How China deployed some of its most innovative business models to fight poverty
Characteristic tourism, internet and new policies help lift incomes in rural areas
Published: Feb 24, 2021 08:58 PM

A farmer displays newly-harvested pumpkins in Xujiaba Township, Sinan County of southwest China's Guizhou Province, Aug. 12, 2020. Guizhou, which used to be a provincial-level region with the biggest population of poor people, has lifted more than 9 million people out of poverty since 2012. (Xinhua/Yang Wenbin)

China has made remarkable achievements in lifting approximately 100 million people from poverty, a hard-won result of top-down policy support, nation-wide solidarity and commercial innovation. 

From characteristic tourism to e-commerce to innovative lending, many business strategies and technological achievements have contributed to the mighty task.

In Northwest China's Xinjiang Uygur Autonomous Region, local officials help residents escape poverty with the help of abundant regional tourism resources, characteristic agriculture and animal husbandry.

Sataer Maimaiti, a 70-year-old villager in Aksu, Xinjiang has operated an "agritainment" resort with his wife since 2012. At first they saw almost no improvement, but the resort now offers jobs for impoverished households thanks to the local government's poverty alleviation measures.

"With publicity by the township government and rural committee, the number of visitors coming to our resort surged more than 100 percent during the peak season in September 2020," Maimaiti said, with bookings almost every day. At the resort, tourists can pick vegetables and fruits and enjoy home-made dishes.

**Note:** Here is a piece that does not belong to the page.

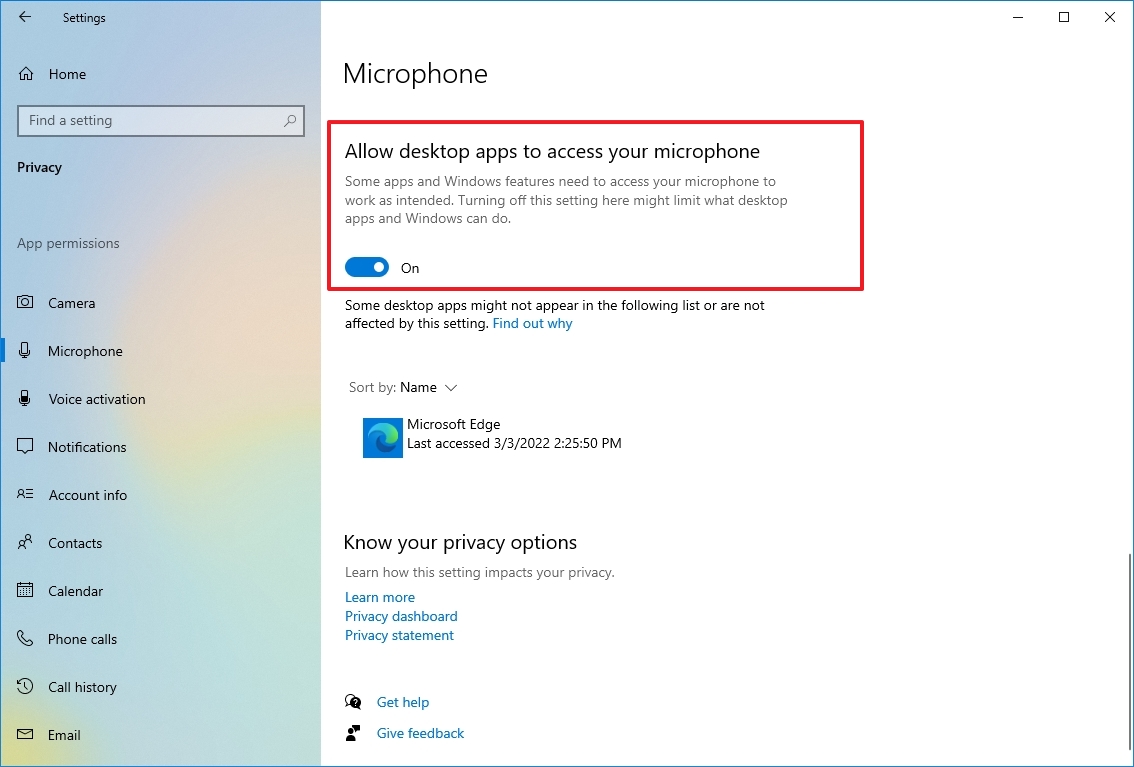 Windows 10 privacy allow Teams microphone access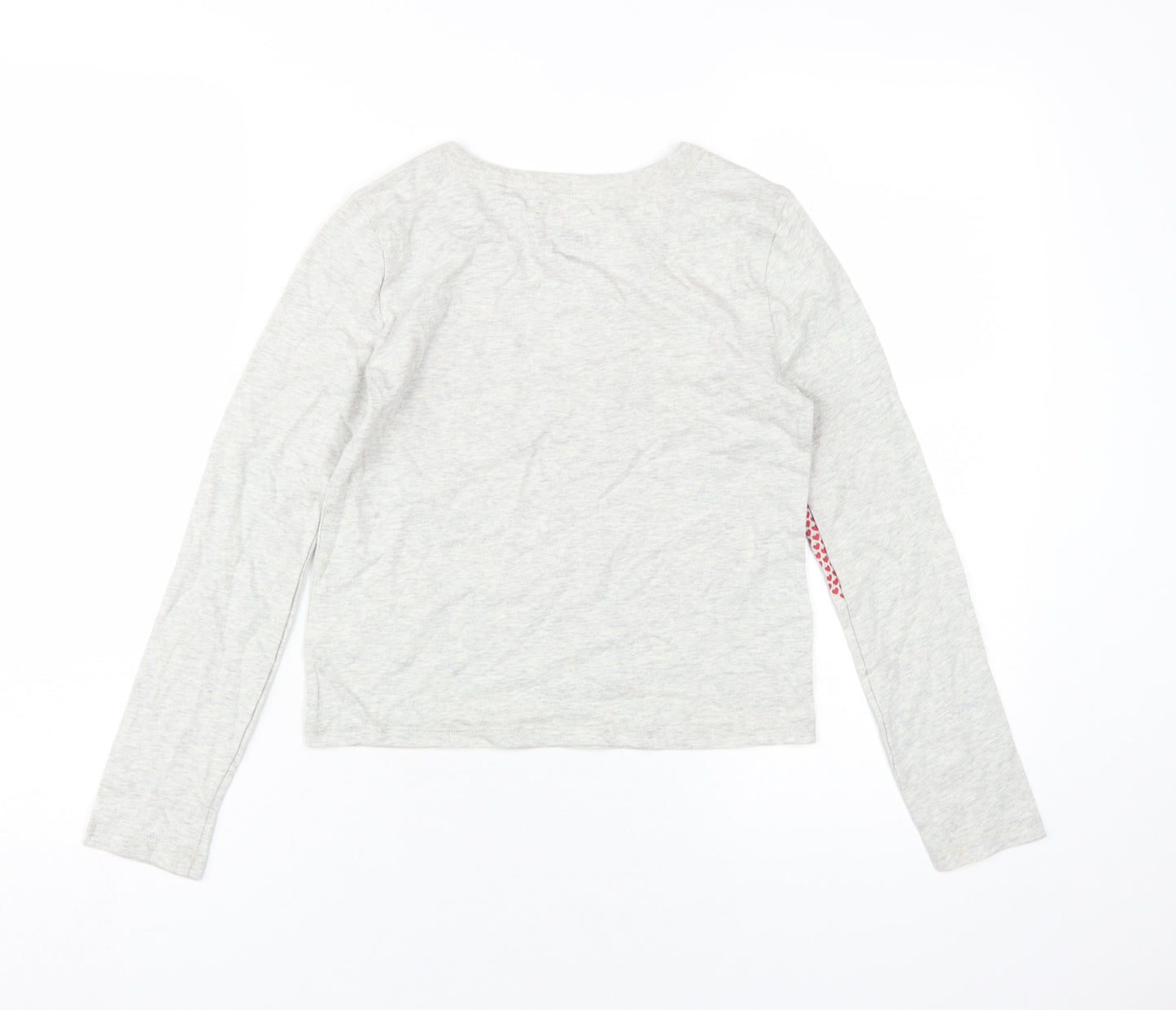 GAP Girls Heart Print T-Shirt Grey 10-11Y Regular Fit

Under the guidance of the local government, Maimaiti hires people from poverty-stricken households. The small resort provides long-term jobs to four registered poverty-stricken residents and seven non-impoverished residents.

China's popularization of mobile phones and the coverage of communication networks provide a window to make underprivileged rural areas known to the outside world.

Fiber-optic and 4G networks have reached more than 98 percent of villages across the country, and 5G has also been introduced into more rural areas, making it possible for poverty alleviation via livestreaming to take place, Hong Tao, director of the Institute of Business Economics at Beijing Technology and Business University, told the Global Times on Wednesday.

With the urbanization rate exceeding 50 percent, a large number of young people have returned to their hometowns to start businesses, making rural areas the driver of the future economy.

As a short video-sharing platform, Kuaishou contributes to the nation-wide poverty alleviation task through its livestreaming services. Kuaishou has launched a series of rural entrepreneurship incubation projects that empower participants on how to establish and run businesses, as well as provide data traffic and brand resources to encourage these participants to boost rural industry development and increase local employment to ease poverty.

Data sent by Kuaishou to the Global Times on Wednesday showed that it has supported more than 100 rural entrepreneurs and incubated 57 rural firms and cooperatives that offer about 1,200 jobs and help more than 10,000 households increase their incomes.

Wang Jiao and Gao Yulou are a couple who have led fellow villagers to make money on Kuaishou. They returned from the city to their hometown in Huaping, Southwest China's Yunnan Province and made a living by selling mangos via livestreaming on Kuaishou, and also by sharing food and special local products, according to Kuaishou's report.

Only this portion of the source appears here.